---------- DATA TO PROCESS

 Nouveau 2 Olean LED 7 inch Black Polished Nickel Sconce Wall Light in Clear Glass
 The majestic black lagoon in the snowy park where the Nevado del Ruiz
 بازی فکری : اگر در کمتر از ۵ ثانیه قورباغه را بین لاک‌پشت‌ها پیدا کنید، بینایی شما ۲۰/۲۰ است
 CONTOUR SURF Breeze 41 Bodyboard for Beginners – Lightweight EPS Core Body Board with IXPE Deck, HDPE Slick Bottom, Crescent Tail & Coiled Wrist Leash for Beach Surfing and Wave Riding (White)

--------------------
---------- DATA TO PROCESS

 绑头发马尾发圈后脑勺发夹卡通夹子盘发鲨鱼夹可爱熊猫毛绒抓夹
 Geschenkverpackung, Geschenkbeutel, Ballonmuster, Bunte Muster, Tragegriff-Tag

--------------------
---------- DATA TO PROCESS

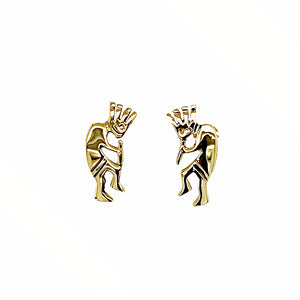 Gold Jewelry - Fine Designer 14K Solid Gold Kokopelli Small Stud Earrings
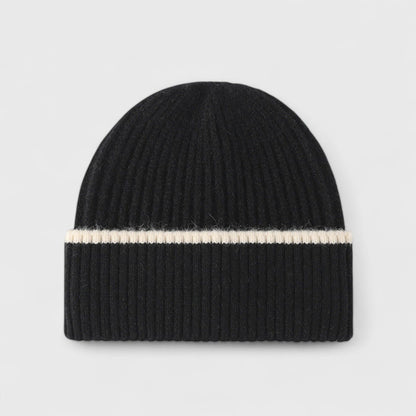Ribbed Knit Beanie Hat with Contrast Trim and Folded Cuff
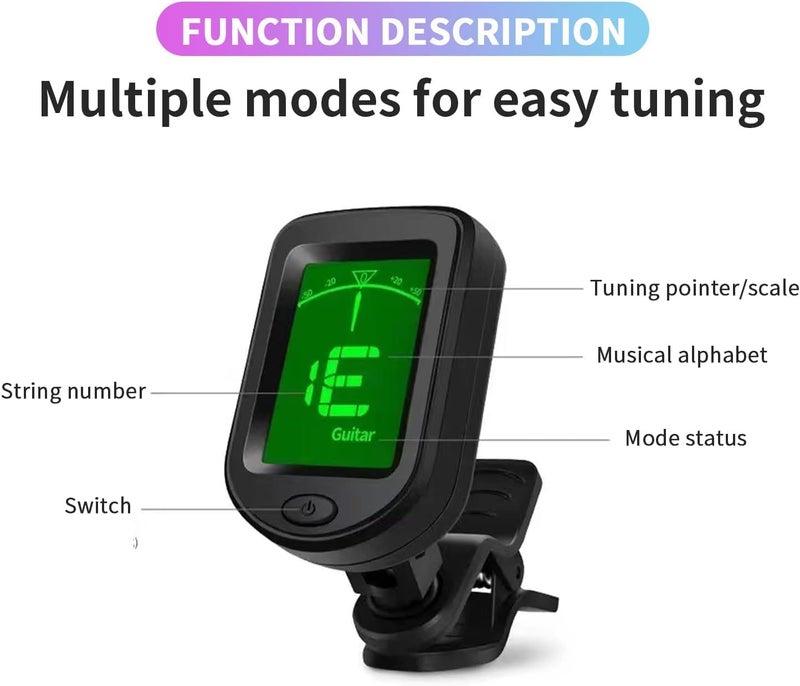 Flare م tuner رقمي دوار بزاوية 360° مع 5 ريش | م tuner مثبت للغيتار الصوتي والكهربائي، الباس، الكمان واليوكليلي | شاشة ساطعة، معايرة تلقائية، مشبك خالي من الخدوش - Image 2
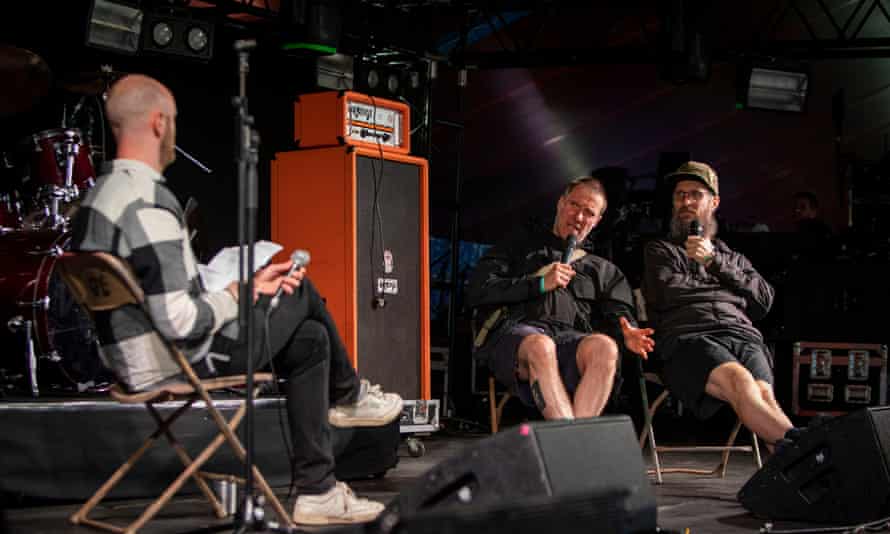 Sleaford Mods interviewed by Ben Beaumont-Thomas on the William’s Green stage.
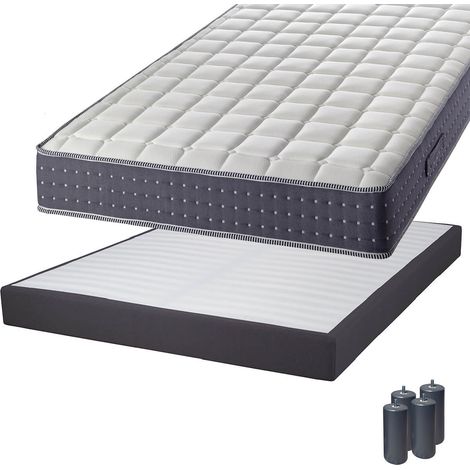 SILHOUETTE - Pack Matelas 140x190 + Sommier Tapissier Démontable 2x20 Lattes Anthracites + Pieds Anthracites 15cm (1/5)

--------------------

-- EXERCISE DESCRIPTION --
Above are some records; copy exactly the lines from the one with "Nouveau 2 Olean" through the one with "CONTOUR SURF Breeze", both included, and no others.

-- WRITTEN ANSWER --
 Nouveau 2 Olean LED 7 inch Black Polished Nickel Sconce Wall Light in Clear Glass
 The majestic black lagoon in the snowy park where the Nevado del Ruiz
 بازی فکری : اگر در کمتر از ۵ ثانیه قورباغه را بین لاک‌پشت‌ها پیدا کنید، بینایی شما ۲۰/۲۰ است
 CONTOUR SURF Breeze 41 Bodyboard for Beginners – Lightweight EPS Core Body Board with IXPE Deck, HDPE Slick Bottom, Crescent Tail & Coiled Wrist Leash for Beach Surfing and Wave Riding (White)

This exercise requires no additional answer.